WORK TO COMPLETE: Beginning with the line that contains "Womens UK Size 12 Roman Black Basic T-Shirt", restate each line below through the final one exactly, and exclude the pictures.

DATA SEGMENT:
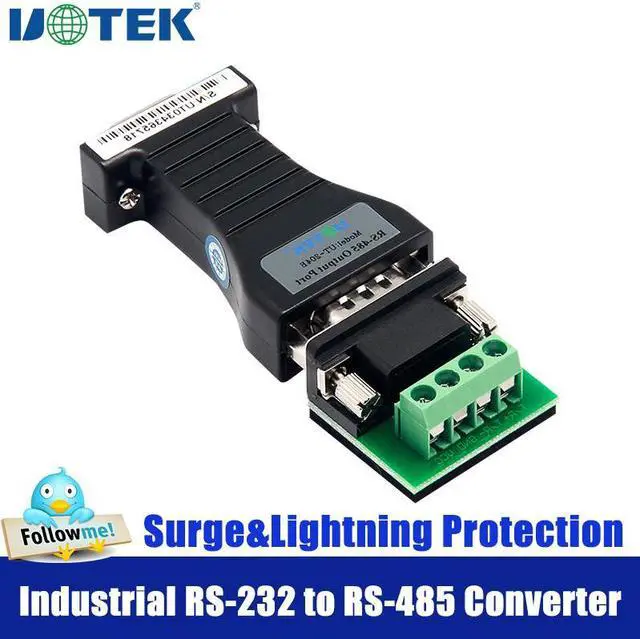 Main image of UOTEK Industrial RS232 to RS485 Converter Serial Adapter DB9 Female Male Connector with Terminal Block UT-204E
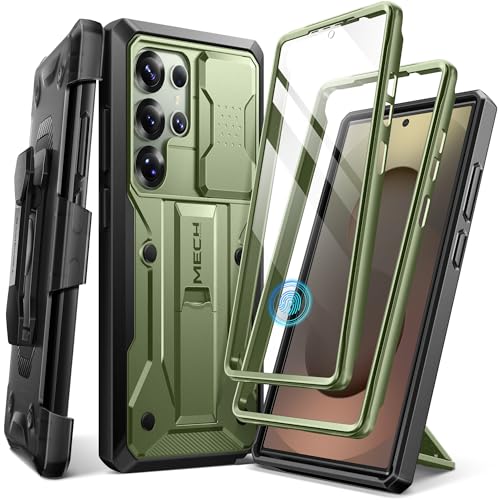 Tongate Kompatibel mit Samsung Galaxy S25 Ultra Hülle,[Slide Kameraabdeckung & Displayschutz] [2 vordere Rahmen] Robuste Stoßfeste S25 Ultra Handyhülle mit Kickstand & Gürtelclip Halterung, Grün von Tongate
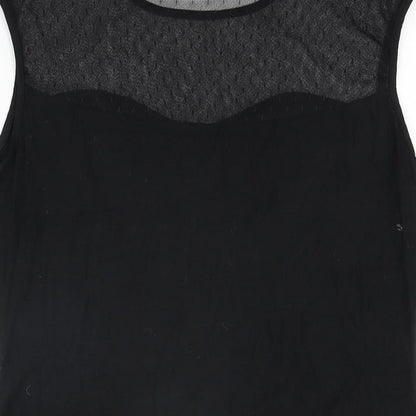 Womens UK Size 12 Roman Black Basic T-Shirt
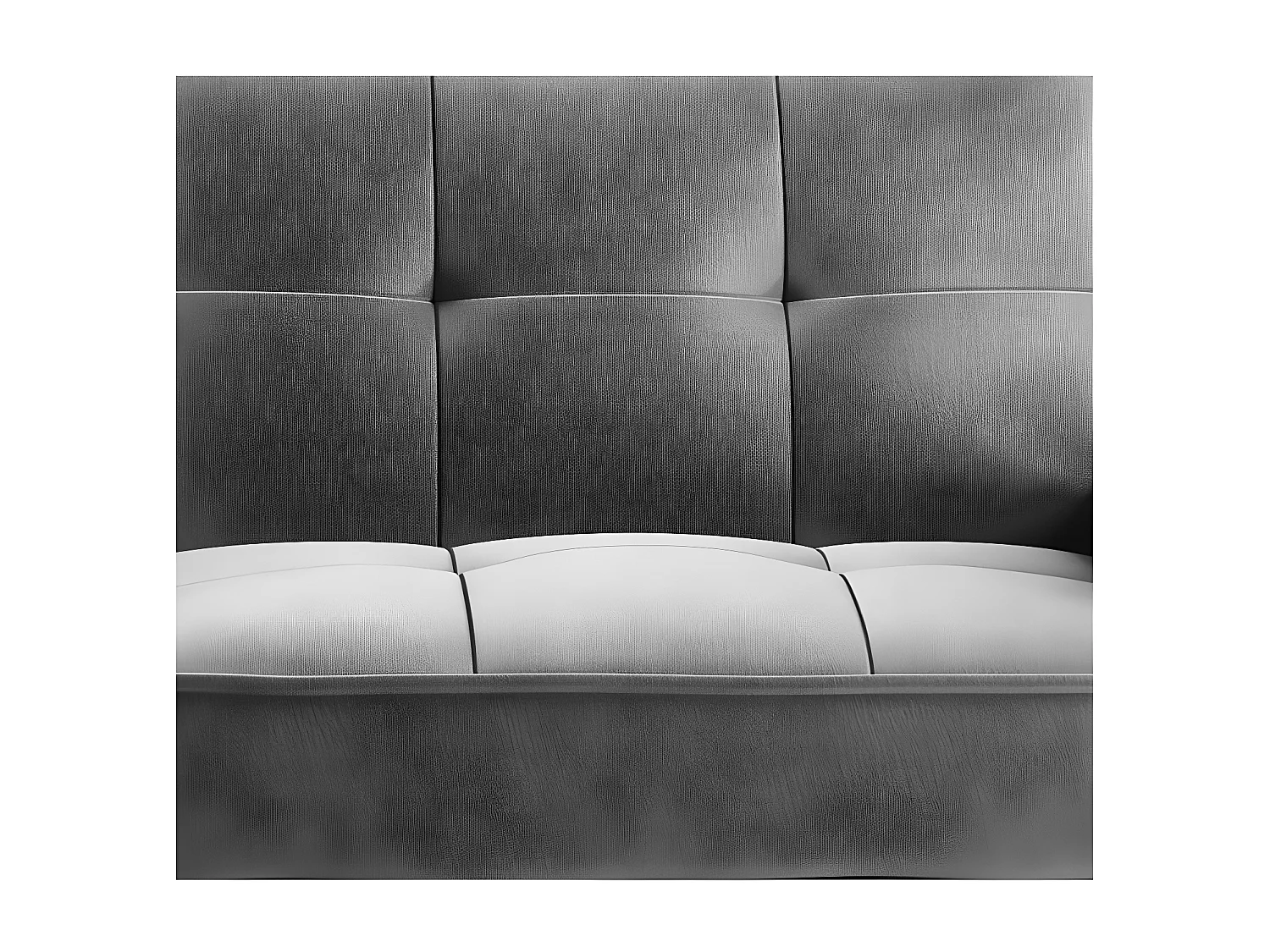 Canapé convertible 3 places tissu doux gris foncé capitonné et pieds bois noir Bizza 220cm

EXERCISE SOLUTION:
 Womens UK Size 12 Roman Black Basic T-Shirt
 Canapé convertible 3 places tissu doux gris foncé capitonné et pieds bois noir Bizza 220cm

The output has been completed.